What is being asked: In the records below, the relevant part opens with the line containing "Hanover Outdoor Traditions" and closes with the line containing "unfurnished room with"; print that part exactly and only, without its pictures.

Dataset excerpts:

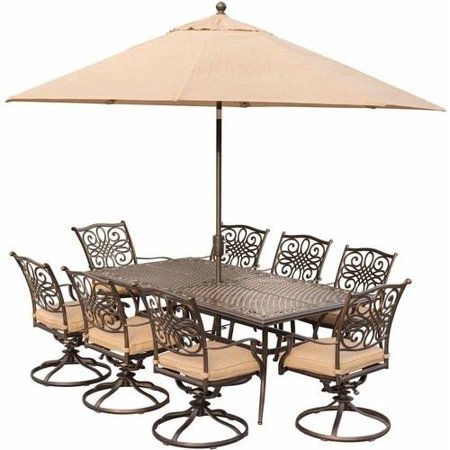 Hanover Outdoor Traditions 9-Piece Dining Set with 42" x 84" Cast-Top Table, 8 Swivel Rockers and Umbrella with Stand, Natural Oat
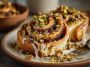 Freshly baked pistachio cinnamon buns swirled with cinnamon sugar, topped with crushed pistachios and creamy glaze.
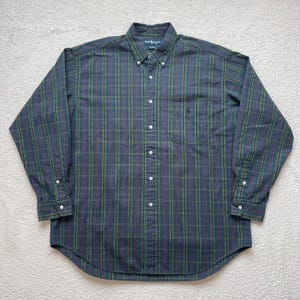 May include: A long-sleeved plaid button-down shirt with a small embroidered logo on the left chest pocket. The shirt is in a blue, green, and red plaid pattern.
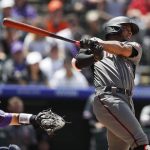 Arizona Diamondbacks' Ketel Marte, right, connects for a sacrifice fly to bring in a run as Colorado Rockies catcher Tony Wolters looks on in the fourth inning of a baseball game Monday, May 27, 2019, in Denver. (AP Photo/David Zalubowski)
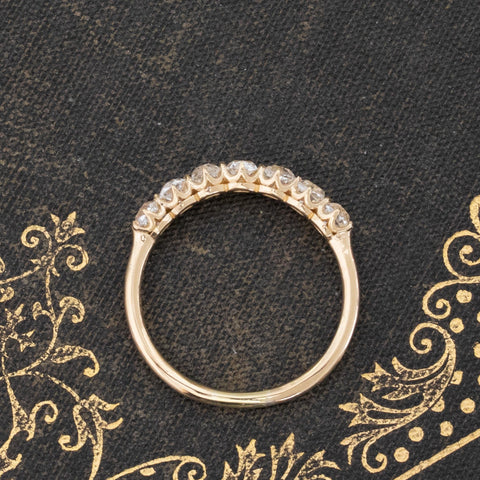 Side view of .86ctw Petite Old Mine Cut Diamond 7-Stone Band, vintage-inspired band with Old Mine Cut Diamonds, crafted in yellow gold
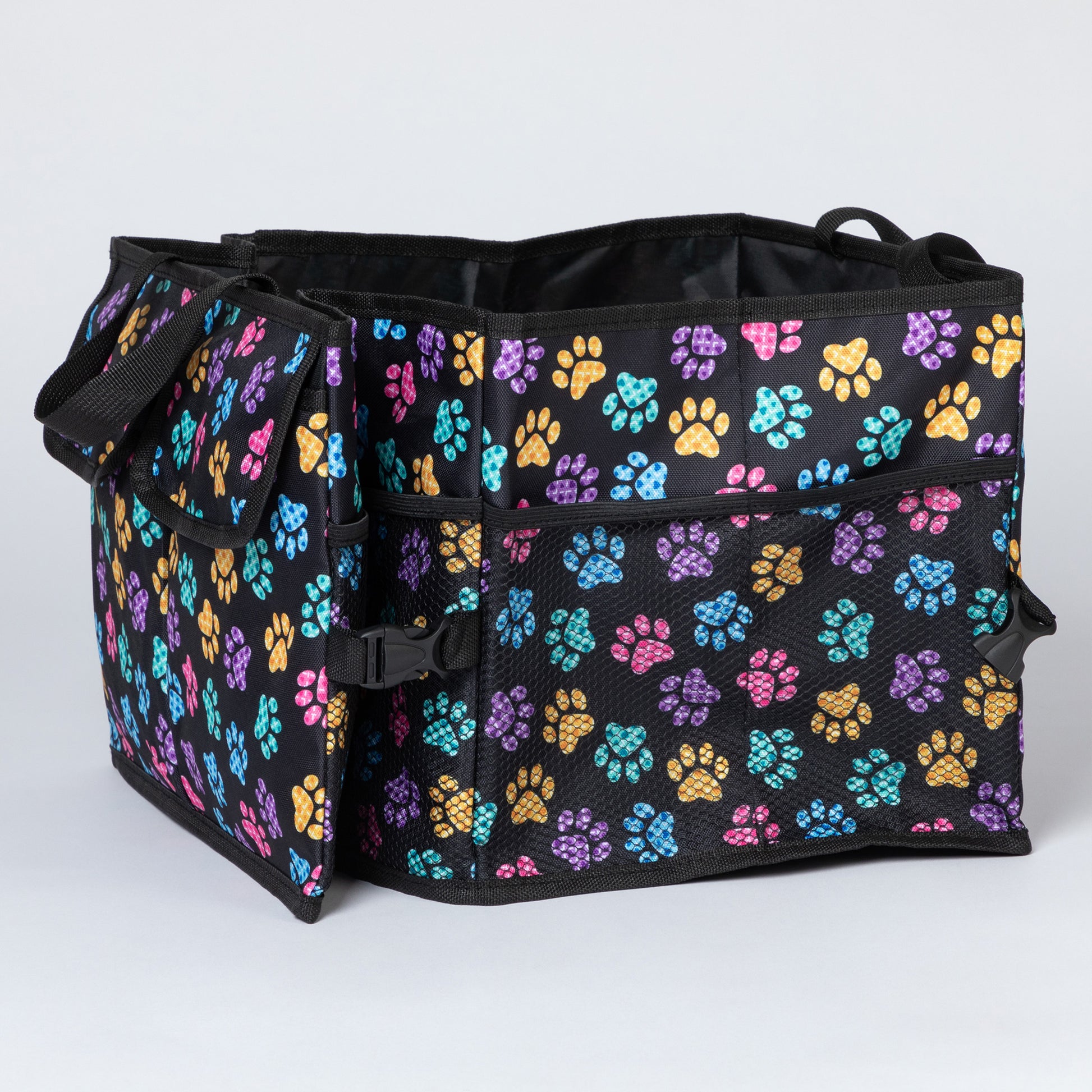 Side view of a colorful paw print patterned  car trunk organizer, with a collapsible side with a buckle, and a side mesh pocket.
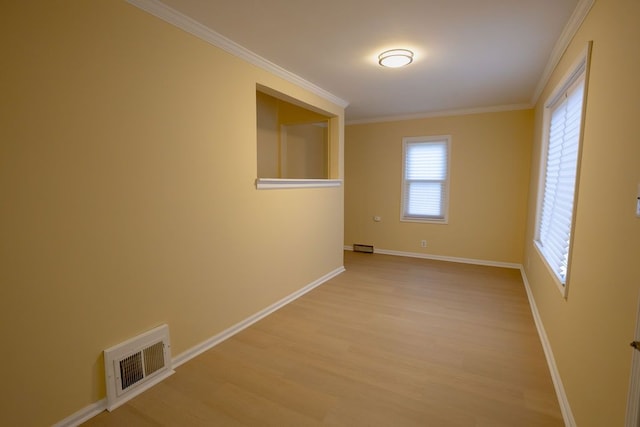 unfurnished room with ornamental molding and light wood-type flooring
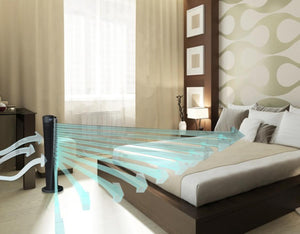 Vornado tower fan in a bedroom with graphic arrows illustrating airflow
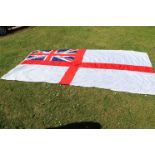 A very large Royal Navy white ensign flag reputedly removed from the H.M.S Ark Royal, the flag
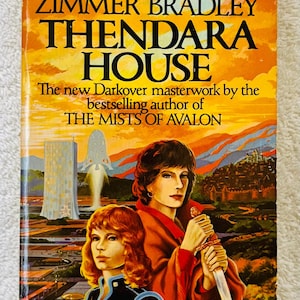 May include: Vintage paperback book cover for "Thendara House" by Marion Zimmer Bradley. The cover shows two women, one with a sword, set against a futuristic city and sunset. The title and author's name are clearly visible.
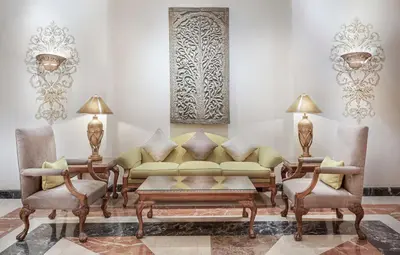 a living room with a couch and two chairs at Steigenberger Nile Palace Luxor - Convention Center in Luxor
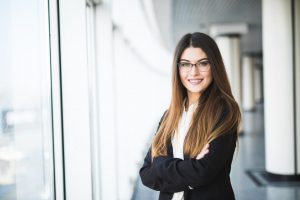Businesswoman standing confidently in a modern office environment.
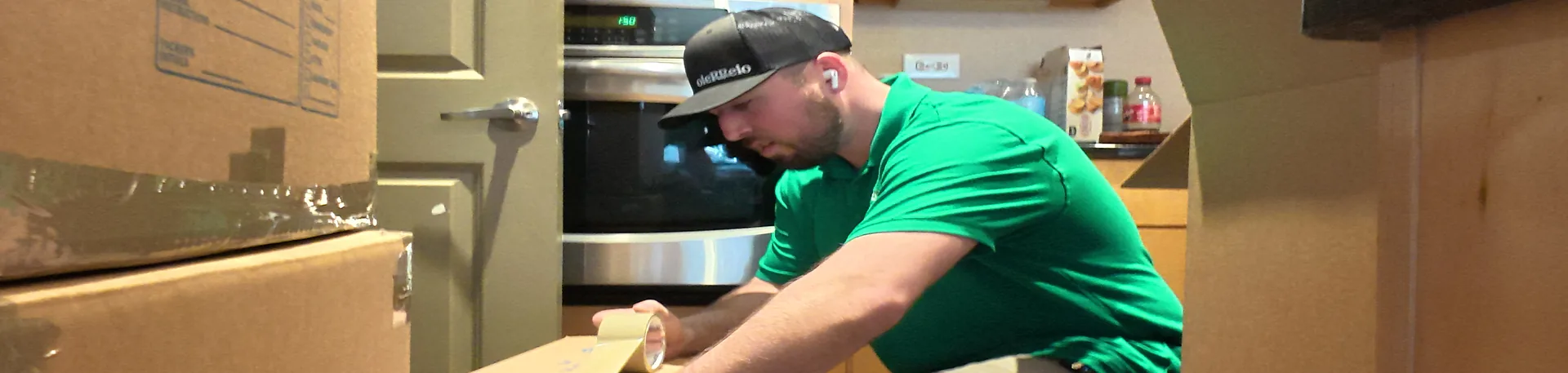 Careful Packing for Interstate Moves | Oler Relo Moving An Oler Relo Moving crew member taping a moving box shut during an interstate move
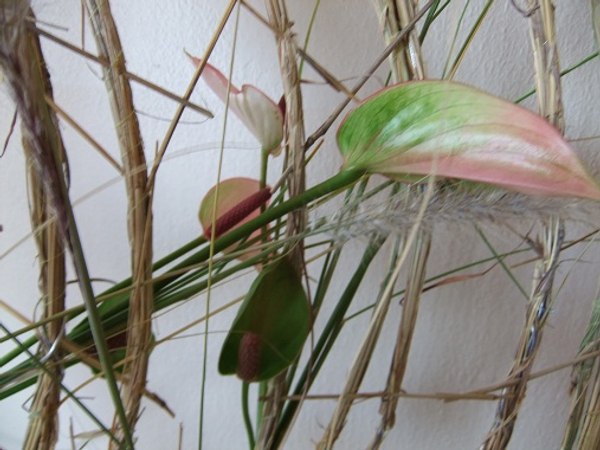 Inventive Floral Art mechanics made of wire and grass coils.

...

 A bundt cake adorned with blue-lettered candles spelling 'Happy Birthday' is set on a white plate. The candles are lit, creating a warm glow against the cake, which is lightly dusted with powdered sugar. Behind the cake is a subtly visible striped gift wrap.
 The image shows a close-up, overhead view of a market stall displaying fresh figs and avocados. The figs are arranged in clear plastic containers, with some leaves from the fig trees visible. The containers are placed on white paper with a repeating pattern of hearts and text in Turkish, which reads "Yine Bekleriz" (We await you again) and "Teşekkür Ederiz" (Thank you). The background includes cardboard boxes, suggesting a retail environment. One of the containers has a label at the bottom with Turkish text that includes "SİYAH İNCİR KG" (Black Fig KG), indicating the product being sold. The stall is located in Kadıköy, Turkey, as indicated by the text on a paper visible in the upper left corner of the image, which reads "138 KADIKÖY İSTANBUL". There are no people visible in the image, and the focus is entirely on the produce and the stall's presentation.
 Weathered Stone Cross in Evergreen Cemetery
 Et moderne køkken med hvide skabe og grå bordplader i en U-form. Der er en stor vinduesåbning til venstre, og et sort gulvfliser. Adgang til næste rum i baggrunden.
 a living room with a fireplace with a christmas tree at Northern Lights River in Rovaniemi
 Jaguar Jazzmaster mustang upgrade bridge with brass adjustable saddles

Task answer:
 Hanover Outdoor Traditions 9-Piece Dining Set with 42" x 84" Cast-Top Table, 8 Swivel Rockers and Umbrella with Stand, Natural Oat
 Freshly baked pistachio cinnamon buns swirled with cinnamon sugar, topped with crushed pistachios and creamy glaze.
 May include: A long-sleeved plaid button-down shirt with a small embroidered logo on the left chest pocket. The shirt is in a blue, green, and red plaid pattern.
 Arizona Diamondbacks' Ketel Marte, right, connects for a sacrifice fly to bring in a run as Colorado Rockies catcher Tony Wolters looks on in the fourth inning of a baseball game Monday, May 27, 2019, in Denver. (AP Photo/David Zalubowski)
 Side view of .86ctw Petite Old Mine Cut Diamond 7-Stone Band, vintage-inspired band with Old Mine Cut Diamonds, crafted in yellow gold
 Side view of a colorful paw print patterned  car trunk organizer, with a collapsible side with a buckle, and a side mesh pocket.
 unfurnished room with ornamental molding and light wood-type flooring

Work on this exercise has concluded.